== Exercise data ==
◇ ◇ ◇

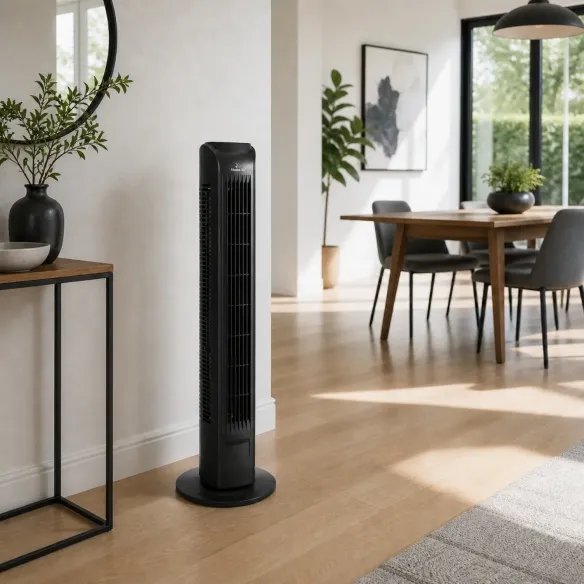 Wentylator kolumnowy TOWER FAN 45 W | Czarny
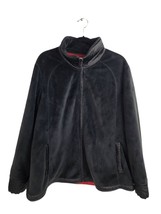 Kristen Blake Women&#39;s Black 2XL Polyester Fleece Basic Jacket - £8.67 GBP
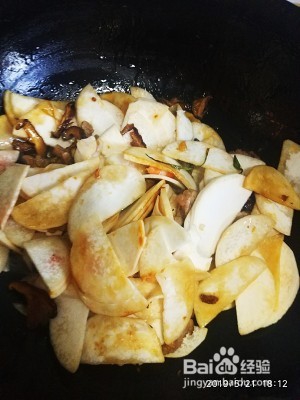 肉片炒杏鲍菇的做法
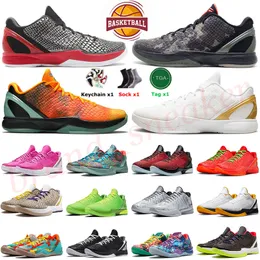 Nike Kobe 5 6 Reverse Grinch Basketball Shoes Kobes 8 Venice Beach Mamba Men Big Stage Chaos 5 Protro What If All Star I Promise Easter【code ：L】Trainers Sports Sneakers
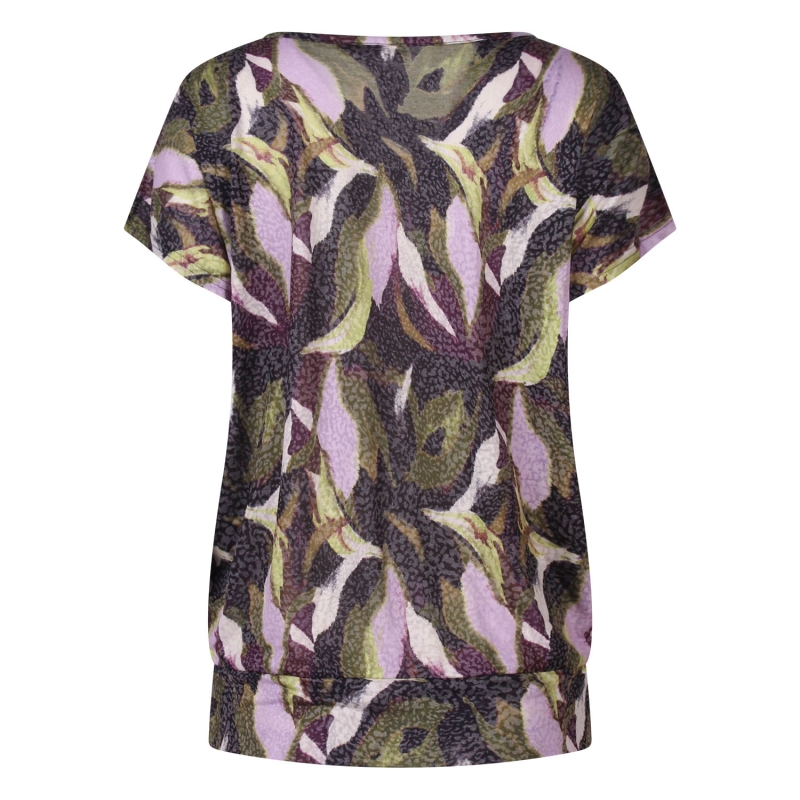 City Life 213875 W20010 t-shirts korte mouw Aubergine
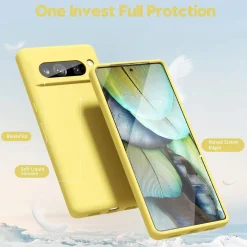 Google Pixel 8 Pro - Silikon Case mit Mikrofaser-Innenseite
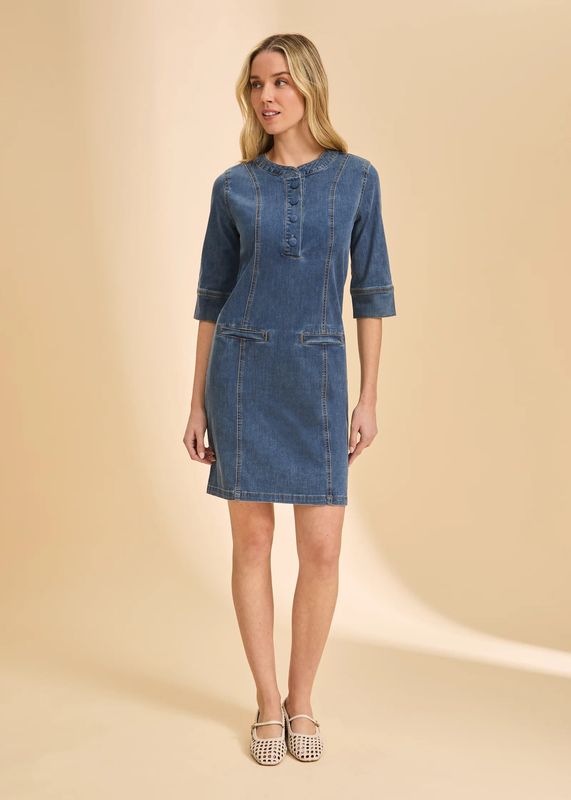 FDJ 3/4 Sleeve Shift Dress 7272370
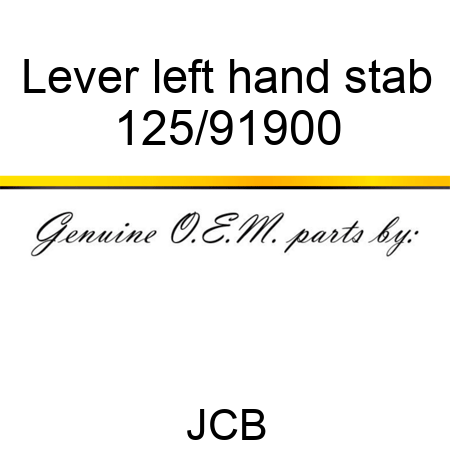 Lever, left hand stab 125/91900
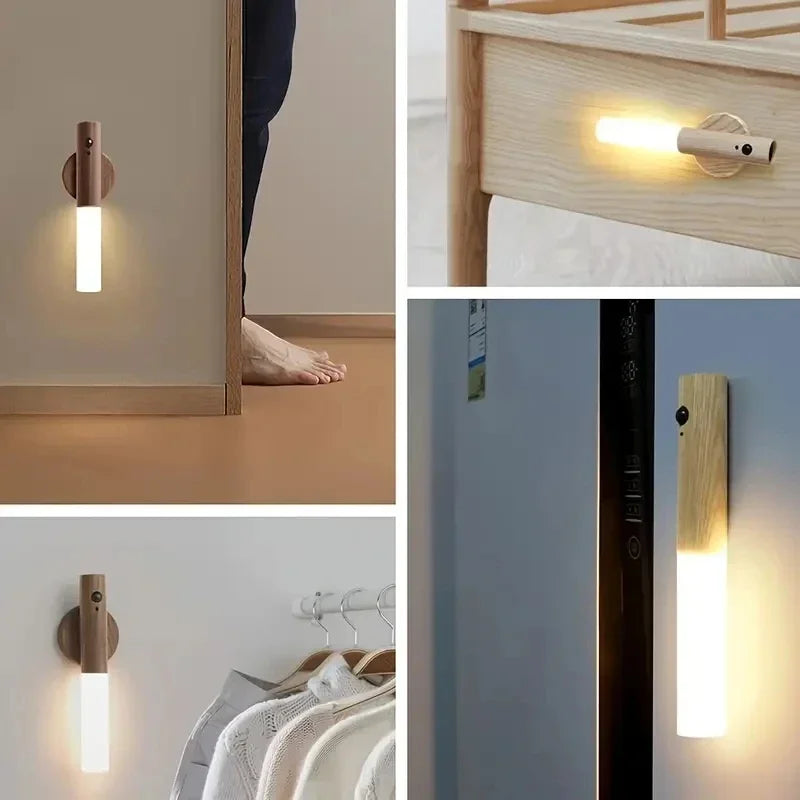 Smart Motion Sensor Night Light — Rechargeable Wireless Wall Light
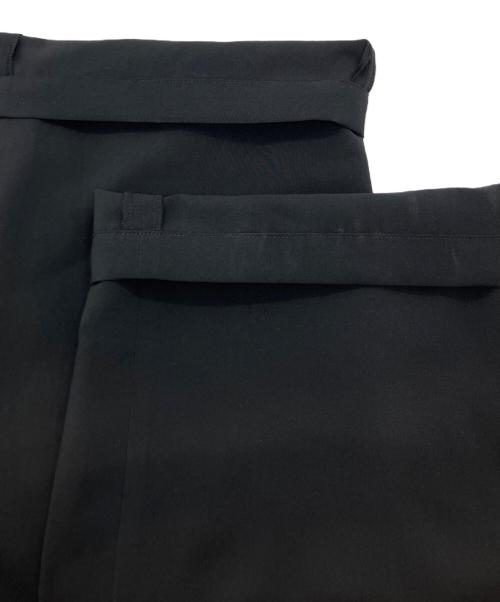 sayatomo（サヤトモ）SAYATOMO (サヤトモ) 2-Tack Wide Slacks ブラック サイズ:1の古着・服飾アイテム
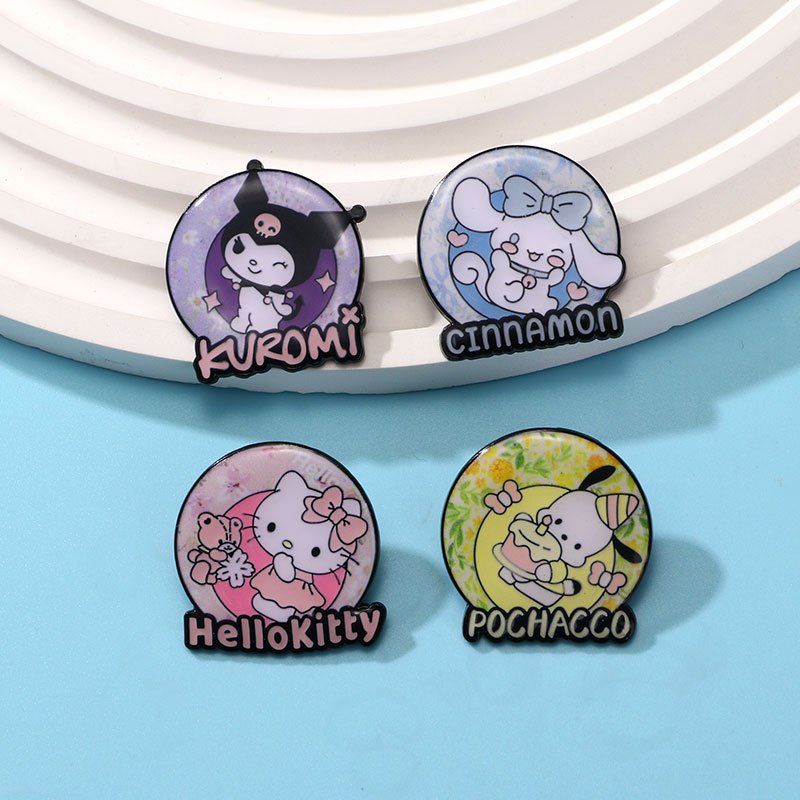 2024 New China Manufacturer customized wholesale name maker metal cartoon custom making machine badge pin for women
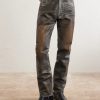 Straight-Leg Leather Trousers - FR Straight-Leg Leather Trousers - FR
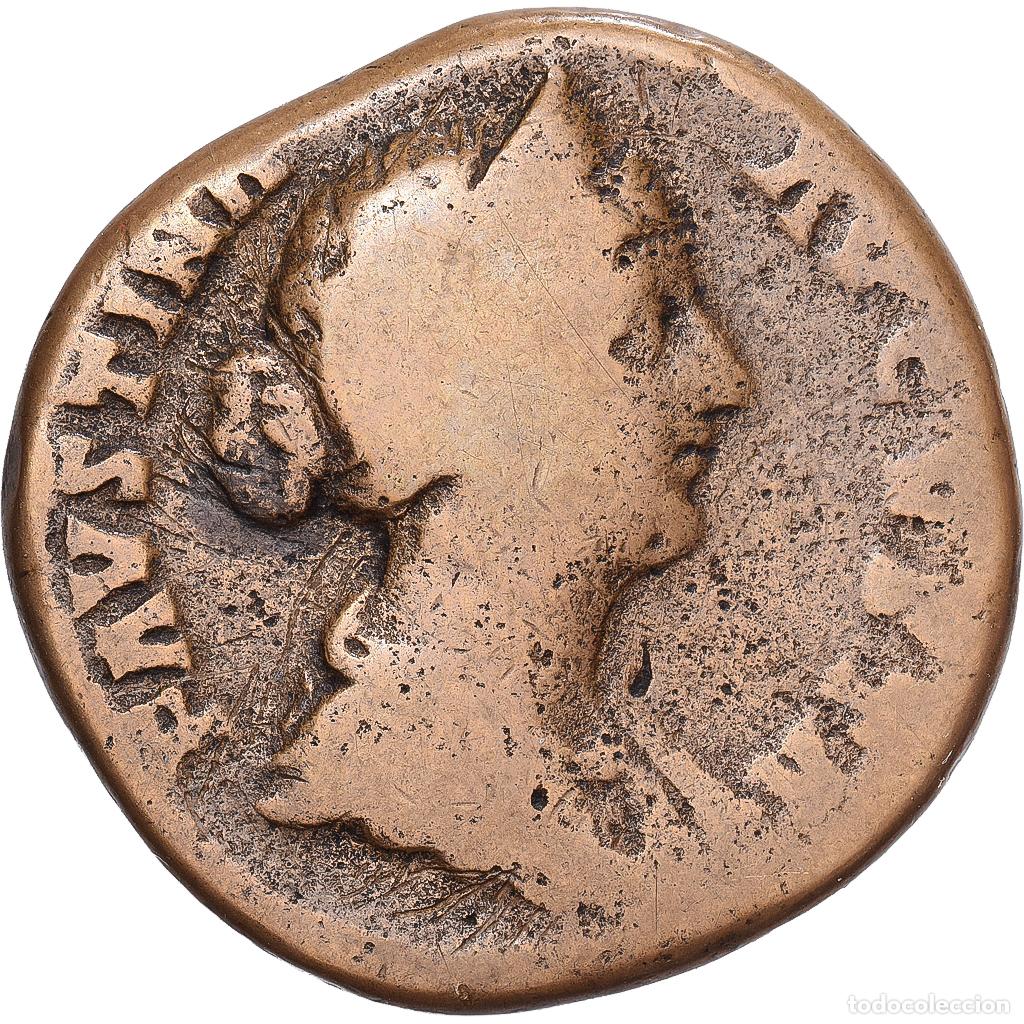 Monedas Imperio Romano: [#1203033] Roman Empire, Faustina II, Sestercio, 161, Rome, Bronce, BC+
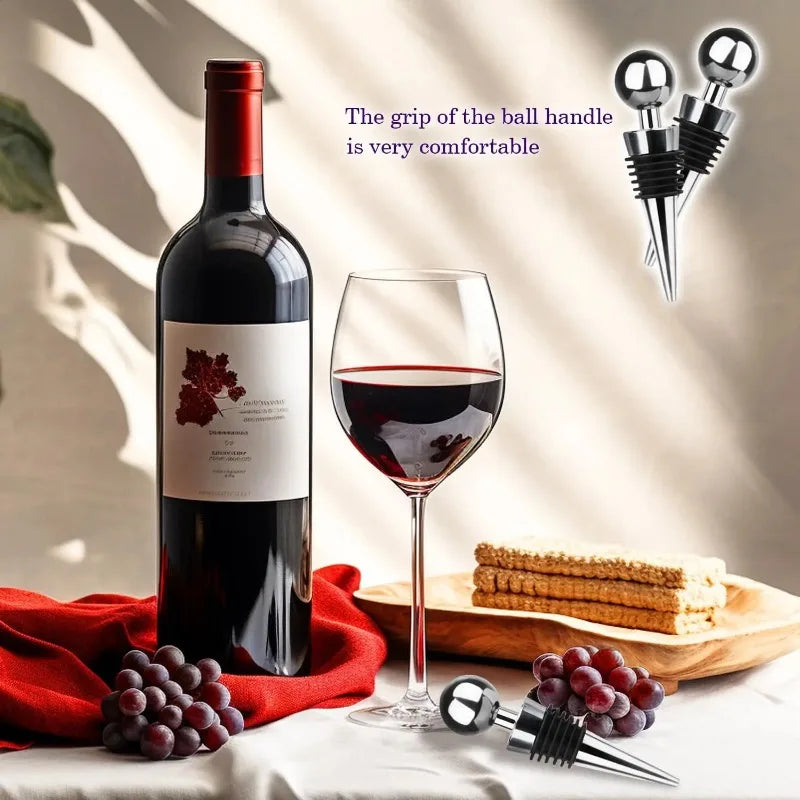 Plastic Bottle Stopper Wine Storage Twist Cap Plug Reusable Vacuum Sealed Champagne Gifts Bar Tool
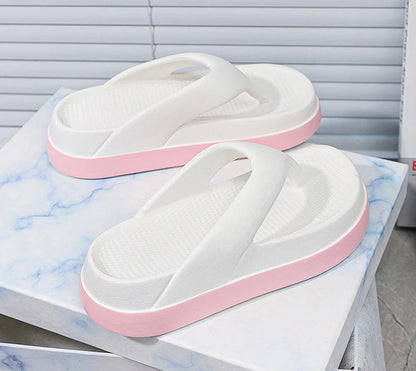 Woman Flip Flops Popular Design Shoes 2025 Trend Platform Casual Sandals Outdoor Non-slip Slippers Unique Features Flat Sandals
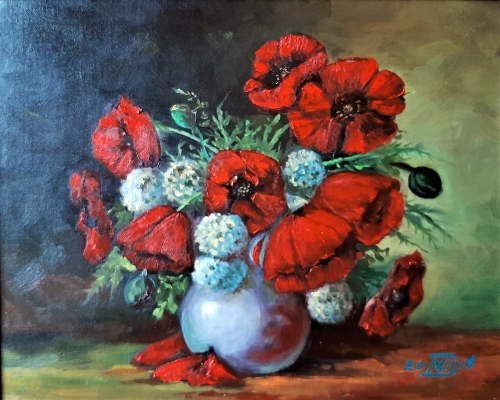 Denis Mihai - Red flowers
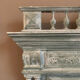 Neo-Renaissance mirror in patinated wood 19th century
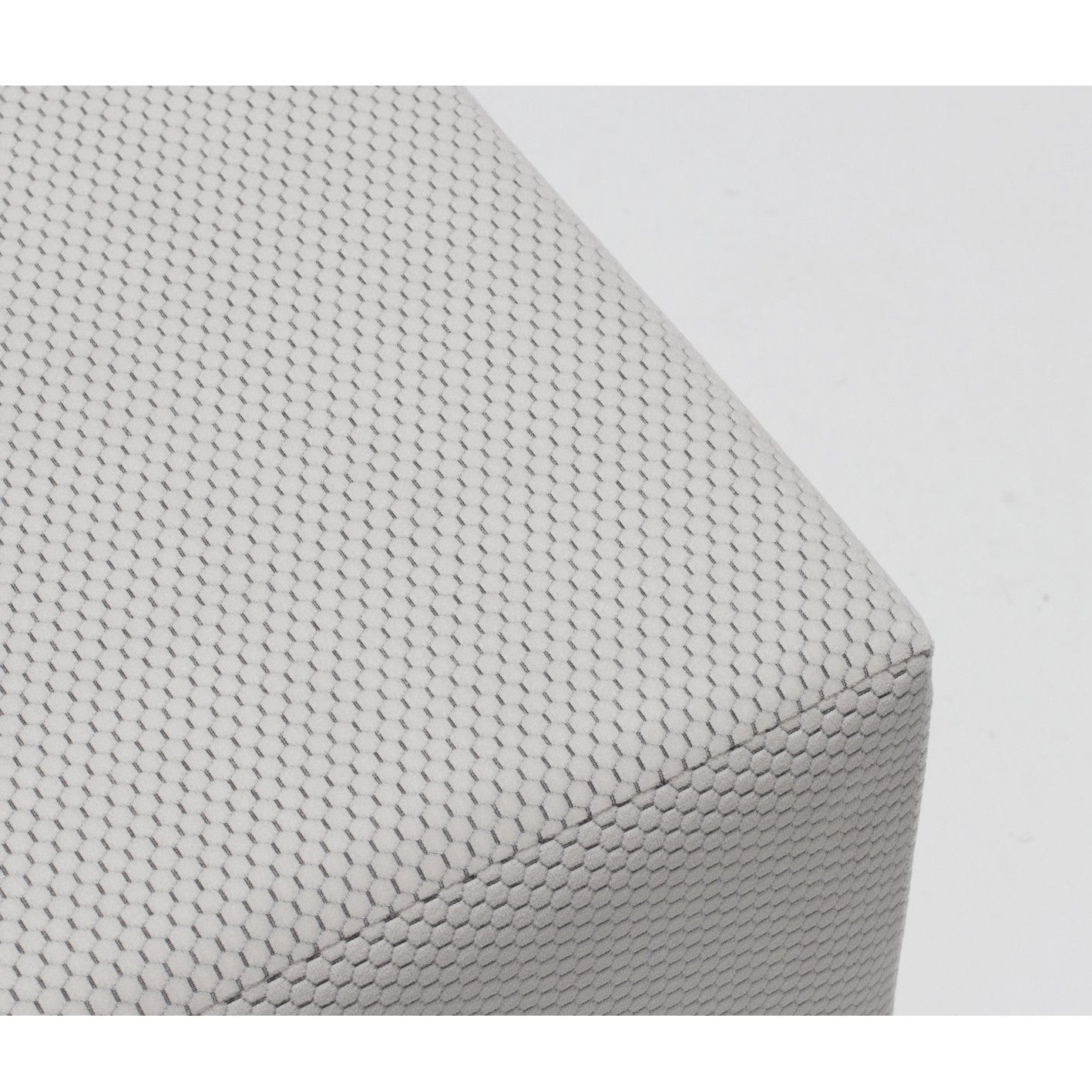 Pouf in tessuto Genma Crema (2)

◇ ◇ ◇

== Task goal ==
Apart from the pictures, every line above must be printed exactly.

== Worked solution ==
 Wentylator kolumnowy TOWER FAN 45 W | Czarny
 Kristen Blake Women&#39;s Black 2XL Polyester Fleece Basic Jacket - £8.67 GBP
 肉片炒杏鲍菇的做法
 Nike Kobe 5 6 Reverse Grinch Basketball Shoes Kobes 8 Venice Beach Mamba Men Big Stage Chaos 5 Protro What If All Star I Promise Easter【code ：L】Trainers Sports Sneakers
 City Life 213875 W20010 t-shirts korte mouw Aubergine
 Google Pixel 8 Pro - Silikon Case mit Mikrofaser-Innenseite
 FDJ 3/4 Sleeve Shift Dress 7272370
 Lever, left hand stab 125/91900
 Smart Motion Sensor Night Light — Rechargeable Wireless Wall Light
 sayatomo（サヤトモ）SAYATOMO (サヤトモ) 2-Tack Wide Slacks ブラック サイズ:1の古着・服飾アイテム
 2024 New China Manufacturer customized wholesale name maker metal cartoon custom making machine badge pin for women
 Straight-Leg Leather Trousers - FR Straight-Leg Leather Trousers - FR
 Monedas Imperio Romano: [#1203033] Roman Empire, Faustina II, Sestercio, 161, Rome, Bronce, BC+
 Plastic Bottle Stopper Wine Storage Twist Cap Plug Reusable Vacuum Sealed Champagne Gifts Bar Tool
 Woman Flip Flops Popular Design Shoes 2025 Trend Platform Casual Sandals Outdoor Non-slip Slippers Unique Features Flat Sandals
 Denis Mihai - Red flowers
 Neo-Renaissance mirror in patinated wood 19th century
 Pouf in tessuto Genma Crema (2)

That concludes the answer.